So even if someone were able to go back and magically find a working pre-image attack against something mid-chain and rewrite history, they would then have to convince all of the other computers that this is the right answer. And then convince all of the clients that this new version of history is the right version of history to accept. And this is what's the shortcut version to this, is to look up what a fork is. This is another thing that's often quite misunderstood, or quite poorly understood, is exactly what a fork is when you talk about blockchains.
But essentially, it's just a different agreement on history. And you have to get through all of those other barriers that have nothing to do with crypto in order to get one of these things to stick. So there are lots and lots of layers of resilience which offer the opportunity to spot and to highlight and to stop these kinds of attacks from being applied, even when they're mathematically possible.
Pali Surdhar: So that's an interesting view, Jon. So what you've just said there is actually it's much harder to perform a 51% attack, even if you have computing resource to do it, mainly because of the distributed nature of blockchain.
Jon Geater: Assuming it's properly done. I'm not claiming that this is the truth today. Because actually, if you look at the survey of technologies here, Bitcoin has exactly one client. So there's one code base to compromise. And if you could find a way of convincing them all to do one thing wrong, there's actually 100% attack is really trivial in certain cases. So there's a way to go on the engineering, but the design of the thing is, as I said, and as people put more layers in and more clients and more interoperability, you get more of that robustness and heterogeneity in the layers.
Pali Surdhar: And I guess, moving on with the question of mitigations. We are well aware of the developments in NIST and the NIST competition to find quantum-resistant crypto. So I think there's a place where you're saying, "Okay, at one point we have to start worrying about transitioning crypto and whether that's possible or not."
So we've already said that, "Hey, by the way, there's already some resistance in blockchain as it is to post-quantum or quantum attacks."
Jon Geater: Yeah.
Pali Surdhar: Is there any urgency, then, to start worrying about quantum safe techniques or-
Jon Geater: Probably. It really depends on the application. So my business uses Ledgers to provide a layer of accountability to what's otherwise a relatively standard SaaS doing operational information. So we provide continuous assurance for connected operations. It means rather than of checking every year to find out why there was a fire in your IOT factory, you can actually look in real time, see what's going on, and stop the fire from happening.
And clearly, you need to be able to trust the information that you are getting from all of these various web servers and applications, if you're going to act on it in any meaningful way. So there's an accountability there, which means that the urgency really is on the identities, the provenance data, in our case. Now there are other cases where the confidentiality is a bit more interesting.

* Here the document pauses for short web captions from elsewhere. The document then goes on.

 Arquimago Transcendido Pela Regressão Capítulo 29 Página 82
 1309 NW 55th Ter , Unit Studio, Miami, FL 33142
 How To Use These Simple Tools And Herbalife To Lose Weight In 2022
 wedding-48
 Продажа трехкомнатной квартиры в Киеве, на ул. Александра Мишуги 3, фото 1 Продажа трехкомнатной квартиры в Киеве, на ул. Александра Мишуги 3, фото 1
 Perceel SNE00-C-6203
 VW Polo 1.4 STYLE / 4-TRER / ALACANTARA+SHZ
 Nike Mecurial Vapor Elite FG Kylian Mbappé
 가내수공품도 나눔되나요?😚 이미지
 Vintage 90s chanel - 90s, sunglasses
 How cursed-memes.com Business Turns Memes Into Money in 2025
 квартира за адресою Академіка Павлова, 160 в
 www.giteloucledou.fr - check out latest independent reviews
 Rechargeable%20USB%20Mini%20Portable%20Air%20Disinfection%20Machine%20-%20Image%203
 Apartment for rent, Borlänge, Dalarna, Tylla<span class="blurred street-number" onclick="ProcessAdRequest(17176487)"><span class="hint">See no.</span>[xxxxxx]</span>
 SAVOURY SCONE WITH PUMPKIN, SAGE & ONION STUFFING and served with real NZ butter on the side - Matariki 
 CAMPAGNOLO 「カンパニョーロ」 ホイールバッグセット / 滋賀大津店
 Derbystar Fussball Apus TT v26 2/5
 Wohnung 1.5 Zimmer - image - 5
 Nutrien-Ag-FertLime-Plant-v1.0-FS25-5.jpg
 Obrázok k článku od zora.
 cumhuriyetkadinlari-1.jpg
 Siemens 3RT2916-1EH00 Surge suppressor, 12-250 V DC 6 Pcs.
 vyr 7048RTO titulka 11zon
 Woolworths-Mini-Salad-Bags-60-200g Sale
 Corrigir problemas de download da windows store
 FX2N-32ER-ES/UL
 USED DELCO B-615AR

So if you've got supply chain type use cases, which are popular, you have antitrust concerns, meaning that you can't have competing companies on the same chain being able to see each other's pricing or yield and things like that.
So it really depends on the use case where the urgency is. But I think, just to bring out some thoughts, if there is a confidentiality requirement, there are key exchanges and things going on. And you have basically the same issue that the general internet does. So think about that. May or may not be important. What I would say is that in proper architectures, you don't need to be as vulnerable and as basic as the internet. So that should be fine with the reig.
The other thing to think about is going to be with the data inside the blocks themselves.
Pali Surdhar: Yeah.
Jon Geater: Because quite often you don't actually write the full data. You write some chain reference or some digest or whatever. So you need to make sure that those can't be somehow faked. And in that case, it's useful to have resistant algorithms somewhere in the mix, either in the layer itself or in the blocks, so that you've got dual protection. Because obviously if you can have a traditional algorithm in one place, but then it's wrapped in another one, then you've got two places to check. And if you check both, then they've both got to be hacked in the same way, which is essentially infeasible.
So it really is use case dependent. But I guess the good news is that there's nothing new to learn, really, other than understanding what the crypto is for at each point in the blockchain. You then just fall back to the standard question of, am I worried now or am I worried in the future? So does pre-decryption capture matter? Maybe, maybe not. Probably doesn't. But it might do. Do these identities matter into the future? Probably they do. So you need to worry about the crypto being used for the identities. And I think the one that people never think about, that I actually think is the most important, is are we ever going to have to recover this thing from an archive or a backup?
Pali Surdhar: Yeah.
Jon Geater: Because that's really the point at which you start to accrue a big legacy that gets around all of those questions of decentralization and the different layer checks. And if I'm live, I can always roll over my crypto. And I can check it before it's broken, and then I double sign it for a bit. And then I roll it over, and I'm okay. But backups, I think, are the place where we have the most interesting question over preparing for changes. So if your architecture deploys any of that, or you have any big forks or rollbacks that you do, that's a place where you've got to be really careful, I think, right from today.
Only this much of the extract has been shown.